# Task data
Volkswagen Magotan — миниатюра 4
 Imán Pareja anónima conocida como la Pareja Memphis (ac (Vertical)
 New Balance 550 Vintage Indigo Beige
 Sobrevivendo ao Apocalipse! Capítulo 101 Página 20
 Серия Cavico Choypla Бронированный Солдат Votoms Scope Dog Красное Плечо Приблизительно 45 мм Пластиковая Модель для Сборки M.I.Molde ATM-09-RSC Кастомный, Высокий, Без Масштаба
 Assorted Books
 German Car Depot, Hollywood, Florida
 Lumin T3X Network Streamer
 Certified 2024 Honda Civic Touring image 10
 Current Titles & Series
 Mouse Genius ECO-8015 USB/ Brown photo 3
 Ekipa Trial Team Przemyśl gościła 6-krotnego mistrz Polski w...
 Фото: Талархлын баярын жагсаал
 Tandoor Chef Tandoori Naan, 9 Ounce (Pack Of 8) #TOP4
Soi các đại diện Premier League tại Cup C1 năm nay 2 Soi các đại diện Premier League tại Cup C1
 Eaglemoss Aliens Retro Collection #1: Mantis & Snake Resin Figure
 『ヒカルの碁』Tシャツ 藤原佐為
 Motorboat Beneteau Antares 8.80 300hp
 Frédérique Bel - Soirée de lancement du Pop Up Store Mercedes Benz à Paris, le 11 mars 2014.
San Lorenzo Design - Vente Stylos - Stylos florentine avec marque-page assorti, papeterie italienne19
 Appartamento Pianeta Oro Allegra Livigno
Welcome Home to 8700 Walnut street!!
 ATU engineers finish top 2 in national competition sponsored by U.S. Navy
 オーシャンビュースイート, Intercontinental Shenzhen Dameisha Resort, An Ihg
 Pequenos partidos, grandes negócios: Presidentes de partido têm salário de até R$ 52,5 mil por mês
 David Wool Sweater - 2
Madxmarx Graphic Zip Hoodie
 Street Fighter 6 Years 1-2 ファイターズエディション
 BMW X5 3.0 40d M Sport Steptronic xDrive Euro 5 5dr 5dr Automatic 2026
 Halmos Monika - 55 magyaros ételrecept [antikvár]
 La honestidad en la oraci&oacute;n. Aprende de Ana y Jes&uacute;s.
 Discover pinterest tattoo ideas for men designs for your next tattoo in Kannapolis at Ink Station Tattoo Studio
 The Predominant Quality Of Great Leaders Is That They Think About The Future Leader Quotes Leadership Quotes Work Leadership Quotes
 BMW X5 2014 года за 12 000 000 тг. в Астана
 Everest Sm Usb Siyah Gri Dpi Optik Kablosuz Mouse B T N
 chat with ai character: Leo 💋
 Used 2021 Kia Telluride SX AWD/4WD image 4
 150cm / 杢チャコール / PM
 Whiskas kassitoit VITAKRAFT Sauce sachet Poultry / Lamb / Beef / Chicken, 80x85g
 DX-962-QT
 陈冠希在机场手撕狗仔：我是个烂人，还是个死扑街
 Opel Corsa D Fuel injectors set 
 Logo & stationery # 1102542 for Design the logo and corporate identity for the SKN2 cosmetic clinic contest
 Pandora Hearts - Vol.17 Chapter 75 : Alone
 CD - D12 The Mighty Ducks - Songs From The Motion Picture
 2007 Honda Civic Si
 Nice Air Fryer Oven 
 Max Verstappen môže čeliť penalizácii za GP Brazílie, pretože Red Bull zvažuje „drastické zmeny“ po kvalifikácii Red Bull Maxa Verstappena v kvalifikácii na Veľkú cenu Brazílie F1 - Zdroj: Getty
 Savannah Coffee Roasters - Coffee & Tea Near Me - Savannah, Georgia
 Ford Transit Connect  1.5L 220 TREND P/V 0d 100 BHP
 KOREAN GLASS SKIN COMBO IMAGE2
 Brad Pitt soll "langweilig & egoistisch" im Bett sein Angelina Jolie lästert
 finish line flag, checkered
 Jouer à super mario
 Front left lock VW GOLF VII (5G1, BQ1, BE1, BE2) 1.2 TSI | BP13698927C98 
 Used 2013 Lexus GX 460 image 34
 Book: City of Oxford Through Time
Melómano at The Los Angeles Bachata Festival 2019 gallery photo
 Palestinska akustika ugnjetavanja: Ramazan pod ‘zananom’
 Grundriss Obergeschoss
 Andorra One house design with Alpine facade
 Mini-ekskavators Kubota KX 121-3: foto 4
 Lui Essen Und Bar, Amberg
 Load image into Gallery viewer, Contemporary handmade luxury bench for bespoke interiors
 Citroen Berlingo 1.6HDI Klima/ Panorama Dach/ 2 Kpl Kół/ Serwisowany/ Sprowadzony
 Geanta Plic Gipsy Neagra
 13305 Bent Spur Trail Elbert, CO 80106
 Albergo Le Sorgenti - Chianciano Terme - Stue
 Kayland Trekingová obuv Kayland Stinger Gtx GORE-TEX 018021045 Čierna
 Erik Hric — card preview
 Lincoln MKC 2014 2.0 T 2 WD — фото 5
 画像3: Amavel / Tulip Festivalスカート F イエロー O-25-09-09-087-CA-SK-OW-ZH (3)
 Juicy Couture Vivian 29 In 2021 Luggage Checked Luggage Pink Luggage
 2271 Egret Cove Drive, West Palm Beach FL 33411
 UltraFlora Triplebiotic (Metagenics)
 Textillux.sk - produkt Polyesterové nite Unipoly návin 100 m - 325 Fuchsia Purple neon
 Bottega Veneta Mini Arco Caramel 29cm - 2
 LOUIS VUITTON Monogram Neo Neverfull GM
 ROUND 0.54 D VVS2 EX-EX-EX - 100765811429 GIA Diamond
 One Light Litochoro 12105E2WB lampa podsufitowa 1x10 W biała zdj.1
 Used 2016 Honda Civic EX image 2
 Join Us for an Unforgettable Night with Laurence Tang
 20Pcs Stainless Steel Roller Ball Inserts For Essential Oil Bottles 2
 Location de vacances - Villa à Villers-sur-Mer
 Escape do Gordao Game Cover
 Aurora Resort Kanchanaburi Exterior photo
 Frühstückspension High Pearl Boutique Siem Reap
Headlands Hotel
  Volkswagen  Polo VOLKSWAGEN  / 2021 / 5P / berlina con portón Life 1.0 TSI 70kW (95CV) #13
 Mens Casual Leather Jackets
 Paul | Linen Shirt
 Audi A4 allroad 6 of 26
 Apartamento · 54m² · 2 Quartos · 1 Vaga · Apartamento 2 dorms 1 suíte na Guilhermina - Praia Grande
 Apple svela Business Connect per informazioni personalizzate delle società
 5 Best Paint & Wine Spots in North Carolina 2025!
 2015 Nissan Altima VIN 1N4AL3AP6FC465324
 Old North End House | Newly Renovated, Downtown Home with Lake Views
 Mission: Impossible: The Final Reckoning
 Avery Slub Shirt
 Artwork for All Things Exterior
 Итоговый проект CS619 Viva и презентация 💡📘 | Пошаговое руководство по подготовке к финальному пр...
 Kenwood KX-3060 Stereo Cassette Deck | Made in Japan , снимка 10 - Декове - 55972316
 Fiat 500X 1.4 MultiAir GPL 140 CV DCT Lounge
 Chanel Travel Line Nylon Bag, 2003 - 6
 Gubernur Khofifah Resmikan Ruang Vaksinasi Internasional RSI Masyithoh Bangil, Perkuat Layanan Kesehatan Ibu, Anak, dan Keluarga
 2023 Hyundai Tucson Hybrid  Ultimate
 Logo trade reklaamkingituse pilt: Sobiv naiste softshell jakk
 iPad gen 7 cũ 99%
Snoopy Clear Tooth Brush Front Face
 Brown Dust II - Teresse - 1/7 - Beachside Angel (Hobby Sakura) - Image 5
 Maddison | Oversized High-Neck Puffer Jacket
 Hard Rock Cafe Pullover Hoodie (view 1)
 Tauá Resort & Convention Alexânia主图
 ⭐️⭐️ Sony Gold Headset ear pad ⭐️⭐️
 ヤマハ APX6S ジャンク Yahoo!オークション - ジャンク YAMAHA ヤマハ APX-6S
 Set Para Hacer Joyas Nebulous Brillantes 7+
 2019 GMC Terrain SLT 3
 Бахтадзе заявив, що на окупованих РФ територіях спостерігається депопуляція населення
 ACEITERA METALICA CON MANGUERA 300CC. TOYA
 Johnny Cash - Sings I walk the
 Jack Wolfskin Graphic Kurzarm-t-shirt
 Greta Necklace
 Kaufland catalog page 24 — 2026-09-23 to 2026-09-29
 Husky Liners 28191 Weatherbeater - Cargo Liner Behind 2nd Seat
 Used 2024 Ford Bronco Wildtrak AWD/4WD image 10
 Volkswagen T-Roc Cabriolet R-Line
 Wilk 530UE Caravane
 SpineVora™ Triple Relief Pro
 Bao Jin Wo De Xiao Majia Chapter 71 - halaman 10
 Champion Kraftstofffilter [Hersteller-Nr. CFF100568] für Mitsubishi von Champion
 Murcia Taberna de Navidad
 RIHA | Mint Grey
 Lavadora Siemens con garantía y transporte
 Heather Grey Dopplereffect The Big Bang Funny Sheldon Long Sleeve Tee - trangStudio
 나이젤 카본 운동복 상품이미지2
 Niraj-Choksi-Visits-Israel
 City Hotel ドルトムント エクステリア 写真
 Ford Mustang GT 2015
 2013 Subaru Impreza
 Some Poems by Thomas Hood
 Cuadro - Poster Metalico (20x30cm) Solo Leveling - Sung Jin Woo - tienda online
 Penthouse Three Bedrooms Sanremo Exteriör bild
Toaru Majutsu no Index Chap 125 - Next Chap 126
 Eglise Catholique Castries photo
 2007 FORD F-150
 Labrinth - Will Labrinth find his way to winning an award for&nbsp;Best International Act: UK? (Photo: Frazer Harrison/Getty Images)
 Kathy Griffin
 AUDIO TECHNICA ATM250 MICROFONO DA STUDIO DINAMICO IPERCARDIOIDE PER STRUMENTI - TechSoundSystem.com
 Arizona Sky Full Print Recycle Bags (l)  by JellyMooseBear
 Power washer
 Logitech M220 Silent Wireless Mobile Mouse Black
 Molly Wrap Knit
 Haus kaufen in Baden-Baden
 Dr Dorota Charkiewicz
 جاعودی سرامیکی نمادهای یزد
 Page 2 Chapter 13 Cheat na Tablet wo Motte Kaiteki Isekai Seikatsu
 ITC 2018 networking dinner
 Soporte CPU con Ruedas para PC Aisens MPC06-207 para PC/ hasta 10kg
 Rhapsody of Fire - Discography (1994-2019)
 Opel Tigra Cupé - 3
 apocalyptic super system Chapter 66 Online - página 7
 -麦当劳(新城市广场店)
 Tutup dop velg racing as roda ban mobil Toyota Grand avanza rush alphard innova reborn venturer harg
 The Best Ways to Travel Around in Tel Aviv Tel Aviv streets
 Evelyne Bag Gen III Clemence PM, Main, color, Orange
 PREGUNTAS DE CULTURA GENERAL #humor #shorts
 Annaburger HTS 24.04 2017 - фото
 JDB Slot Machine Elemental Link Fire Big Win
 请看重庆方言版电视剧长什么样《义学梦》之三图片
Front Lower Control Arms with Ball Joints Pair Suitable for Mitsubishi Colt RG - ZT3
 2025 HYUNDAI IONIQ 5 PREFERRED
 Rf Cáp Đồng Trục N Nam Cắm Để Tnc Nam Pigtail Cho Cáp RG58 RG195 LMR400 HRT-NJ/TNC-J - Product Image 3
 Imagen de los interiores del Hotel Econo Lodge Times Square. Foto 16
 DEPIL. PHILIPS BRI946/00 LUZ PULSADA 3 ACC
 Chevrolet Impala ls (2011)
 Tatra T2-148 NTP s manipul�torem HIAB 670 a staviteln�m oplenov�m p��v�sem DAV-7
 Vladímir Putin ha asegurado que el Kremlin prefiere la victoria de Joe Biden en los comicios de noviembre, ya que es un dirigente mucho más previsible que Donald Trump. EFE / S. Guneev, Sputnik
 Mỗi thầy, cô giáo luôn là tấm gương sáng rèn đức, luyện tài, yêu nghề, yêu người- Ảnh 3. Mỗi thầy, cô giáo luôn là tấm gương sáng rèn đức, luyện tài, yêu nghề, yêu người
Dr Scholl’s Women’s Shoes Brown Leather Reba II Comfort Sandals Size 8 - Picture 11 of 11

# Action item
From the data above, return every line from the line that has "Greta Necklace" up to and including the line that has "Some Poems by Thomas Hood", exactly.

# Exercise result
 Greta Necklace
 Kaufland catalog page 24 — 2026-09-23 to 2026-09-29
 Husky Liners 28191 Weatherbeater - Cargo Liner Behind 2nd Seat
 Used 2024 Ford Bronco Wildtrak AWD/4WD image 10
 Volkswagen T-Roc Cabriolet R-Line
 Wilk 530UE Caravane
 SpineVora™ Triple Relief Pro
 Bao Jin Wo De Xiao Majia Chapter 71 - halaman 10
 Champion Kraftstofffilter [Hersteller-Nr. CFF100568] für Mitsubishi von Champion
 Murcia Taberna de Navidad
 RIHA | Mint Grey
 Lavadora Siemens con garantía y transporte
 Heather Grey Dopplereffect The Big Bang Funny Sheldon Long Sleeve Tee - trangStudio
 나이젤 카본 운동복 상품이미지2
 Niraj-Choksi-Visits-Israel
 City Hotel ドルトムント エクステリア 写真
 Ford Mustang GT 2015
 2013 Subaru Impreza
 Some Poems by Thomas Hood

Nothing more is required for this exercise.